┏━━

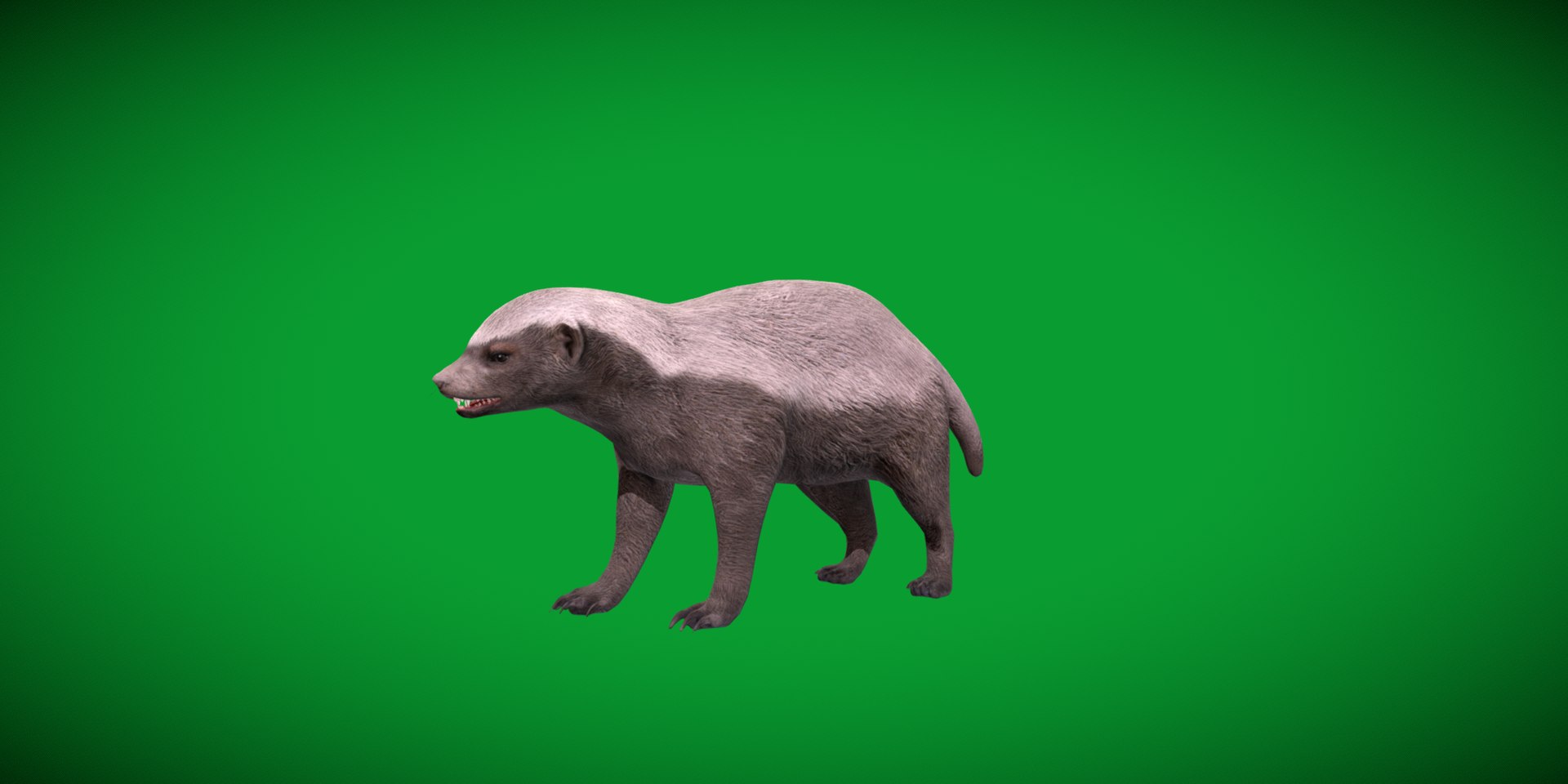 3D HoneyBadger https://p.turbosquid.com/ts-thumb/xz/OBWGb9/bv/ratel/png/1786659324/1920x1080/fit_q87/e22c97b24834d79595720433c5686a7baf441bc9/ratel.jpg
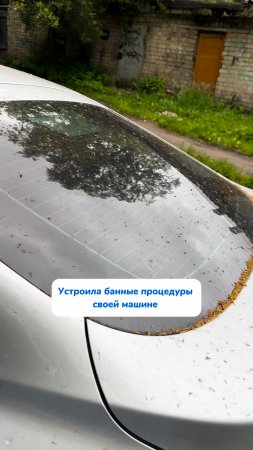 Как убрать в салоне авто быстро 💦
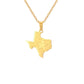 Texas Stainless Steel Necklace
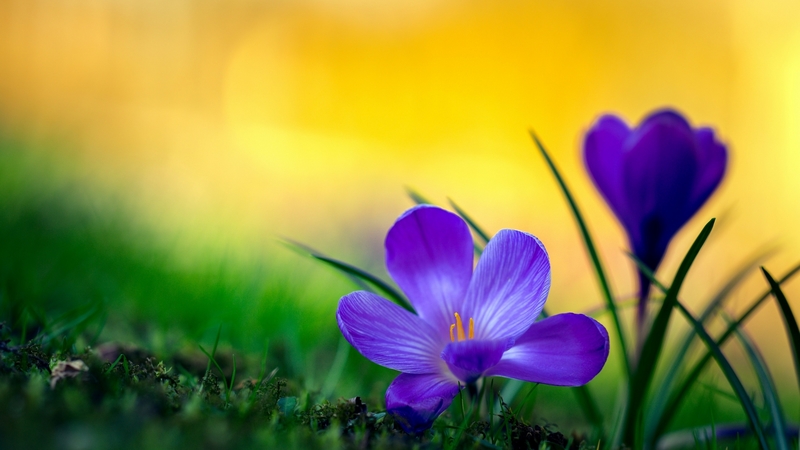 crocus, purple, green, flower, yellow, spring, pink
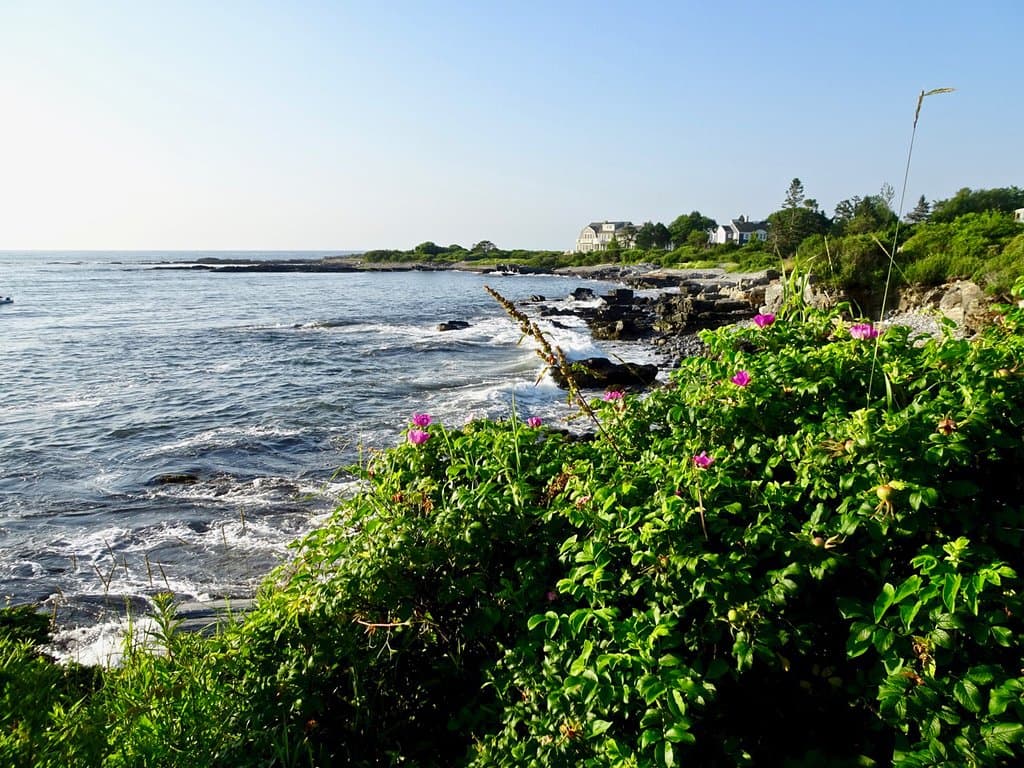 Colorful Flowers along the Trail
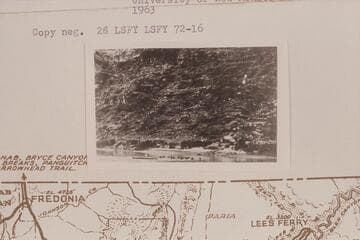 Swimming mules across the river at Lees Ferry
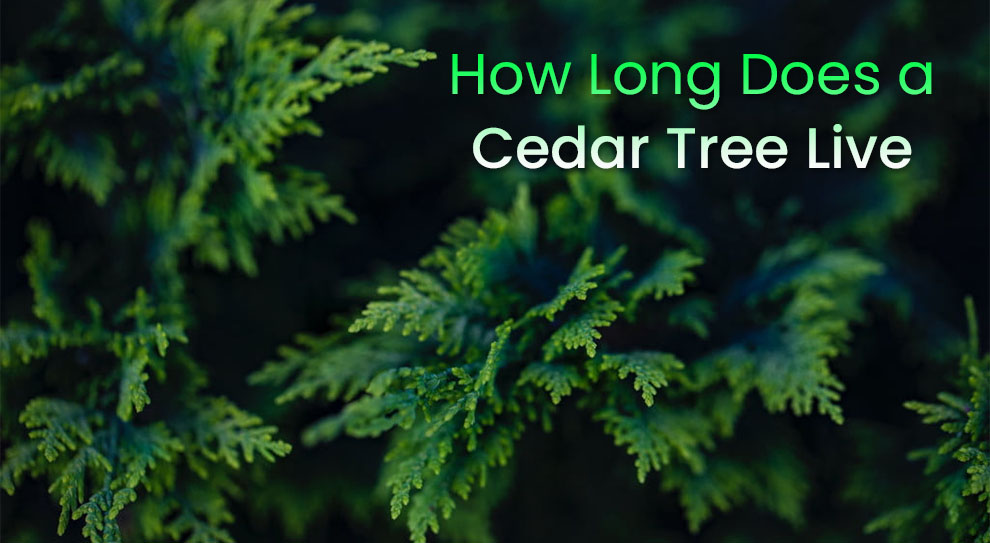 How long does a cedar tree live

┗━━

- Assignment: Leaving pictures aside, write out each record above exactly as given.

- Exercise response:
 3D HoneyBadger https://p.turbosquid.com/ts-thumb/xz/OBWGb9/bv/ratel/png/1786659324/1920x1080/fit_q87/e22c97b24834d79595720433c5686a7baf441bc9/ratel.jpg
 Как убрать в салоне авто быстро 💦
 Texas Stainless Steel Necklace
 crocus, purple, green, flower, yellow, spring, pink
 Colorful Flowers along the Trail
 Swimming mules across the river at Lees Ferry
 How long does a cedar tree live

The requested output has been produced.